Accountability

– the buck stop with me

When working with issues of justice around community and social and historical injustice, as well as in our relationship conflicts at the kitchen sink, a first and crucial step is to acknowledge the injustice that has taken place. Many conflicts cycle at the point that someone or some group cries out in outrage about a past injustice, and the group who was involved in carrying out this past injustice does not acknowledge what it has done, or individuals within that group may know nothing about it. … At the moment of denying a past injustice a new injustice is committed. A. Audegon War Hotel, pg 44.

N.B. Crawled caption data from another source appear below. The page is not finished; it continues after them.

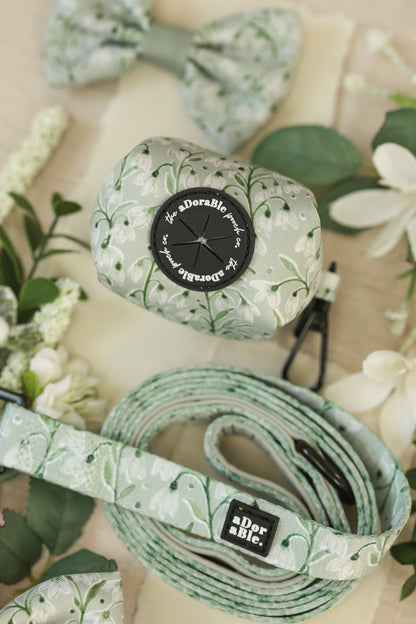Dog Poop Bag Holder - Silent Snowdrops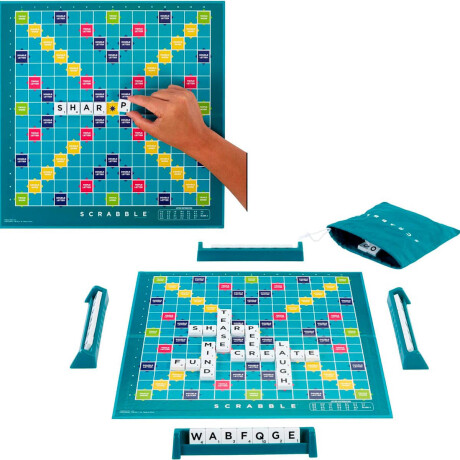 Scrabble Juego De Mesa Mattel 2 En 1 Colaborativo Scrabble Juego De Mesa Mattel 2 En 1 Colaborativo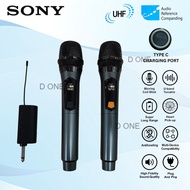 SONY M12 Professional Wireless Microphone System UHF Mic 1 Pair (Dual Mic) for Karaoke Vocal - Handhled Mic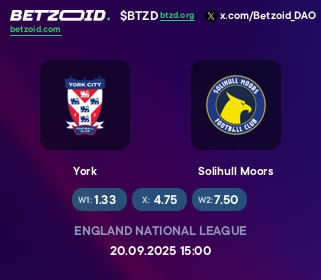 York - Solihull Moors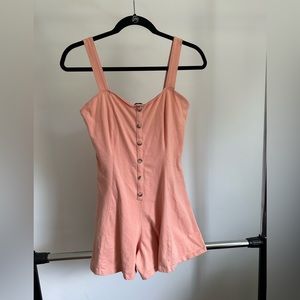Cute coral pink romper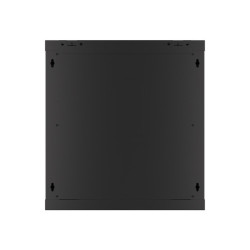 LANBERG RACKOVÁ SKRIŇA 19'' NÁSTENNÁ 12U/600X600 PRO VLASTNÚ MONTÁŽ S KOVOVÝMI DVERAMI ČIERNA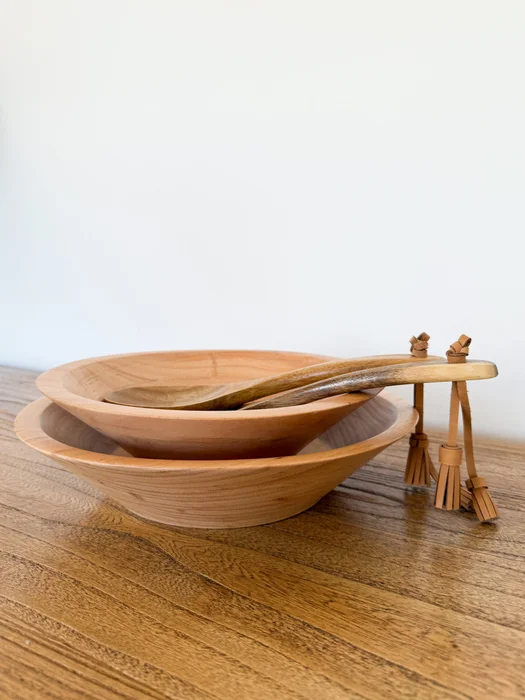 Juego de bowls en madera de eucalipto en Madera natural - Decoración, Uruguay | Dreams On Time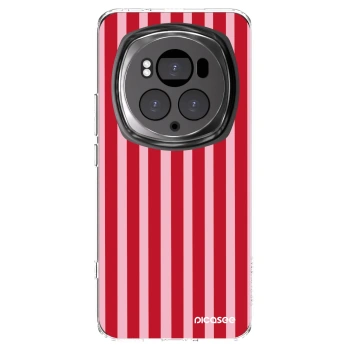 Picasee silikonový průhledný obal pro Honor Magic6 Pro - Lines red
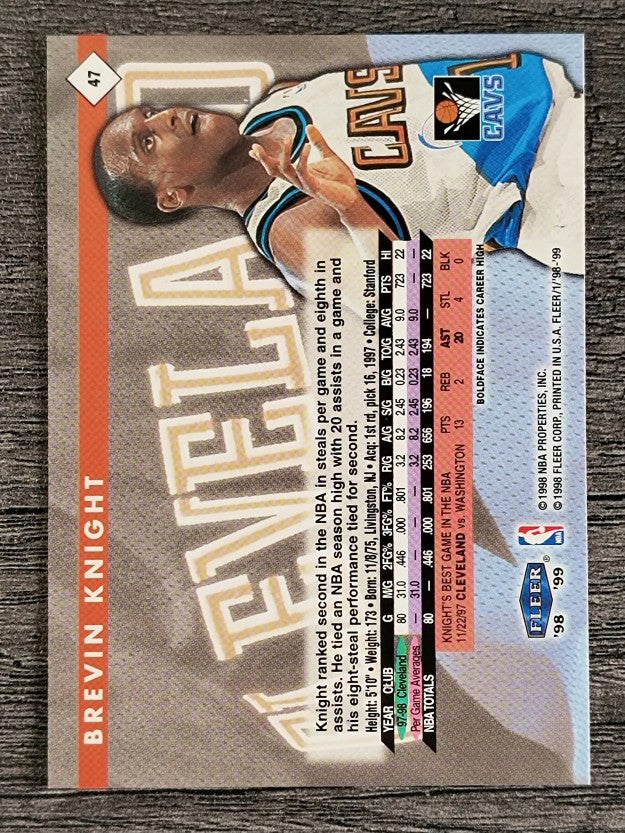 1998-99 Fleer Tradition #47 Brevin Knight
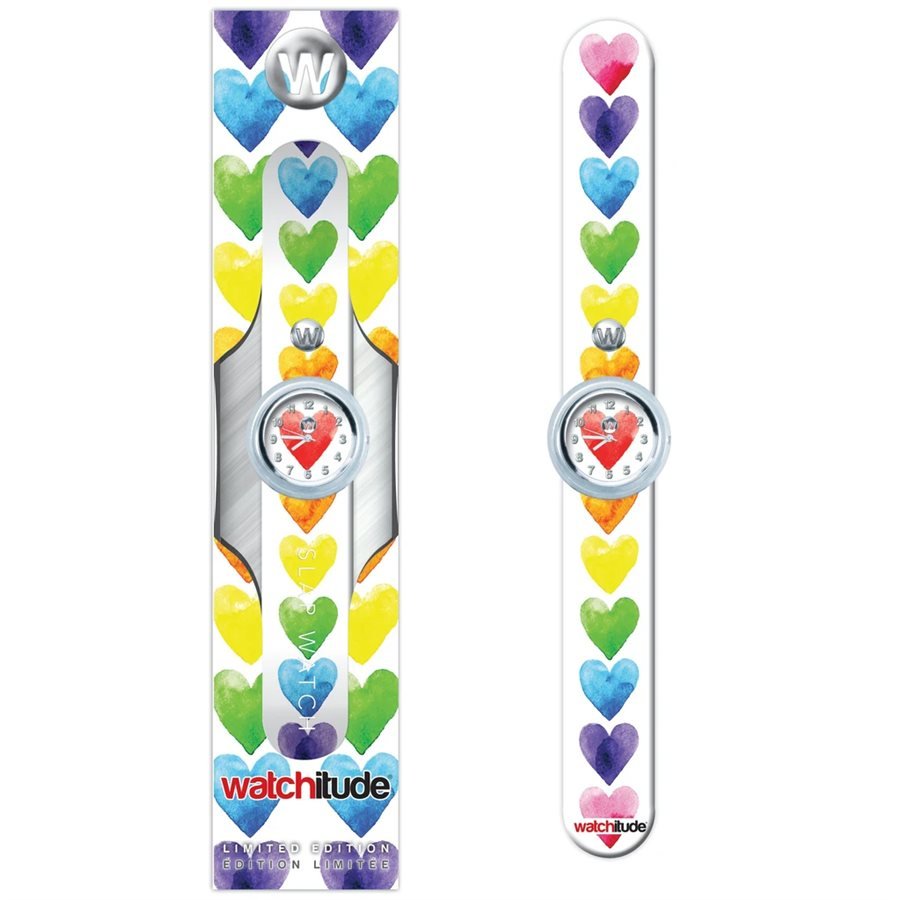 Watchitude Lasten Rannekello- Watercolor Hearts #178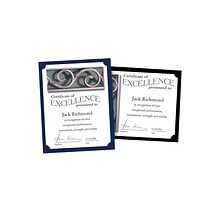 Southworth Certificate Holders, 8.5 x 11, Navy Blue, 10/Pack (PF8)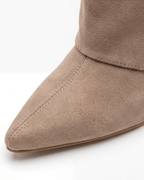 Women’s Suede-Look Knee-High Pointed-Toe Boots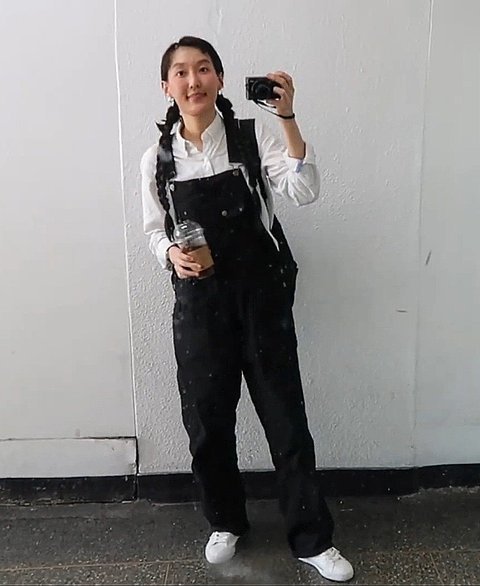 배우 한은교 y2k 스타일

Accountability has a clear ring of truth, where frustration, hurt and resentment can be heard and understood. Accountability is a stepping up and saying ‘this ends with me’. Or it says ‘this must change and i will do what i can to do so’. It is meeting, no matter how difficult, someone else’s suffering at injustice and validating it. Accountability then, when taken seriously as a way of meeting the past in the present moment, could be one of the biggest steps to the betterment of our world.
Accountability involves recognizing and validating each other’s experiences.’ pg 45 ibid.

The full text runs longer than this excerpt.